Cessna AW West Wind III
Single-engine four-seat conventional-gear light high-wing touring monoplane, U.S.A.
Archive Photos 1
Cessna AW "West Wind III" (N8782, c/n 107) at the Yanks Air Museum, Chino, CA (John Shupek photos)
Cessna "A" Series Overview 2
The Cessna Aircraft Company was founded by Mr. Clyde V. Cessna, a pioneer in U.S. aviation since 1911, and was incorporated in 1927. The builder of more aircraft than any other company, Cessna Aircraft had origins in a Blériot monoplane that was repeatedly crashed by a Kansas farmer Clyde V. Cessna in 1911. Clyde Cessna's Blériot was so modified that it eventually became the first Cessna aircraft. Clyde Cessna build two more aircraft at the Jones Motor Car plant at Wichita during the 1916-17 timeframe.

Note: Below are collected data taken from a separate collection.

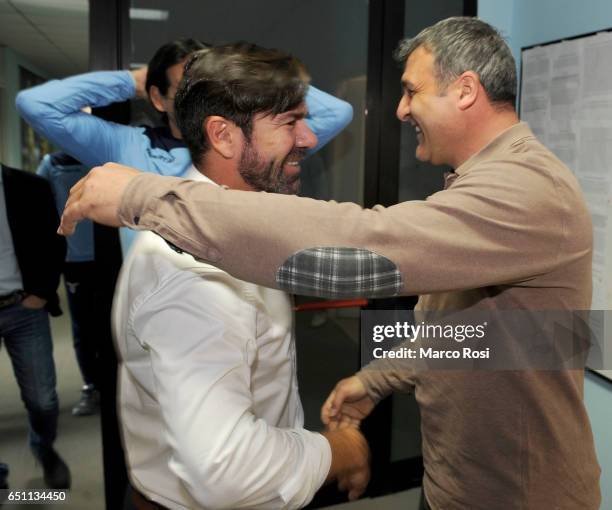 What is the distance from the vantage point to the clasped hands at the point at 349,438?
99 centimetres

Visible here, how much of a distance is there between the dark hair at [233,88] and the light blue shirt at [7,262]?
1.23 metres

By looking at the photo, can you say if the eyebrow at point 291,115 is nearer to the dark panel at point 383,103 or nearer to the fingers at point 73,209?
the fingers at point 73,209

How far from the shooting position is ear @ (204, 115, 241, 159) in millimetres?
1100

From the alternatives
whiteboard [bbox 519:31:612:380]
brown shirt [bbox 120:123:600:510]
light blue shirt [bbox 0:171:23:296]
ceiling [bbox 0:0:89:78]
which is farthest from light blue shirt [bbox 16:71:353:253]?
whiteboard [bbox 519:31:612:380]

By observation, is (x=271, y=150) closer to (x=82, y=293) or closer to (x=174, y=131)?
(x=174, y=131)

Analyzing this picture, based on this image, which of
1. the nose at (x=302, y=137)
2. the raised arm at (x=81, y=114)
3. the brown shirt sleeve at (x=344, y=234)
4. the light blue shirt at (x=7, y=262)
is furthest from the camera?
the light blue shirt at (x=7, y=262)

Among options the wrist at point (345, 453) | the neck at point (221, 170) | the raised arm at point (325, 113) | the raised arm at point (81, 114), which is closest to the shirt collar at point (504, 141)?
the neck at point (221, 170)

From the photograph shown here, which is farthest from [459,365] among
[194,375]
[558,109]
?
[558,109]

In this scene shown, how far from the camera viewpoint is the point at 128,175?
783mm

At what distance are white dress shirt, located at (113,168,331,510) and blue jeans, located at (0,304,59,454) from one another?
4.07 feet

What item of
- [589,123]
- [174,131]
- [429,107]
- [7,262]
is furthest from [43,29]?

Clyde Cessna then returned to farming until he was invited to head Travel Air in 1925. He soon withdrew from Travel Air and formed the Cessna-Roos Aircraft Company on 8 September 1927. Later that year, Roos departed, and the company became the Cessna Aircraft Company on 18 December 1927.
Cessna Model A
The Cessna Model A was a 1920s American high-wing four-seat tourer built by the Cessna Aircraft Company, the first in a long line of high-wing Single-engine monoplanes.

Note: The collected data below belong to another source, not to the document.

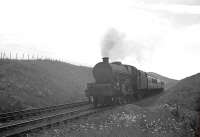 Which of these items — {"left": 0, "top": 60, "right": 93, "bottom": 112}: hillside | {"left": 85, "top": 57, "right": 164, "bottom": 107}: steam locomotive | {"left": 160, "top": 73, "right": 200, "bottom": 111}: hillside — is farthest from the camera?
{"left": 160, "top": 73, "right": 200, "bottom": 111}: hillside

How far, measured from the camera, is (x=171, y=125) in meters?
12.6

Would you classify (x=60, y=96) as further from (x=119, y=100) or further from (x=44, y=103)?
(x=119, y=100)

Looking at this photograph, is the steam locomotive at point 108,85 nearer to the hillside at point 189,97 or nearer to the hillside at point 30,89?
the hillside at point 189,97

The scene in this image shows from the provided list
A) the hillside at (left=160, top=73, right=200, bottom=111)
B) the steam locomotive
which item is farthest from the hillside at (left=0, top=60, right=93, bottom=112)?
the hillside at (left=160, top=73, right=200, bottom=111)

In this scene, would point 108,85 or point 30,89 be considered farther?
point 30,89

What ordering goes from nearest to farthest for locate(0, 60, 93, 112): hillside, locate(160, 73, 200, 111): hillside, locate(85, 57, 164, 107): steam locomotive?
locate(85, 57, 164, 107): steam locomotive, locate(0, 60, 93, 112): hillside, locate(160, 73, 200, 111): hillside

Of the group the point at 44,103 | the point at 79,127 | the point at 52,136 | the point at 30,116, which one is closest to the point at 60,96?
the point at 44,103

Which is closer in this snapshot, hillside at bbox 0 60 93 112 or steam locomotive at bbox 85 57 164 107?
steam locomotive at bbox 85 57 164 107

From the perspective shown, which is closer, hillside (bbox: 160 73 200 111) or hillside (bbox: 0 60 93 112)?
hillside (bbox: 0 60 93 112)

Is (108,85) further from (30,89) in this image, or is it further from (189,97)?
(30,89)

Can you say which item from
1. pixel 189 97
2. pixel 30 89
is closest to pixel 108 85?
pixel 189 97

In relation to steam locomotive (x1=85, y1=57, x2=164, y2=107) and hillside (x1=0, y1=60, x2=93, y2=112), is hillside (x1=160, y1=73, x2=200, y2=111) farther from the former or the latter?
hillside (x1=0, y1=60, x2=93, y2=112)

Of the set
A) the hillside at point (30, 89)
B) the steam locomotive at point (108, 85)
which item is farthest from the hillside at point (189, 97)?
the hillside at point (30, 89)

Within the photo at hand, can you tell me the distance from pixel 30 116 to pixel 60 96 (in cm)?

The first Cessna design built in any numbers was the Cessna Model A. It was a four-seater with a mixed wood and steel-tube construction with fabric covering. The aircraft was built in a number of variants fitted with different engines. The airplane was good, but the timing was bad. While sales were brisk in the beginning, the 1929 stock market crash spelled disaster. The Cessna Aircraft Company had gone public, and the board ordered the factory closed in 1931.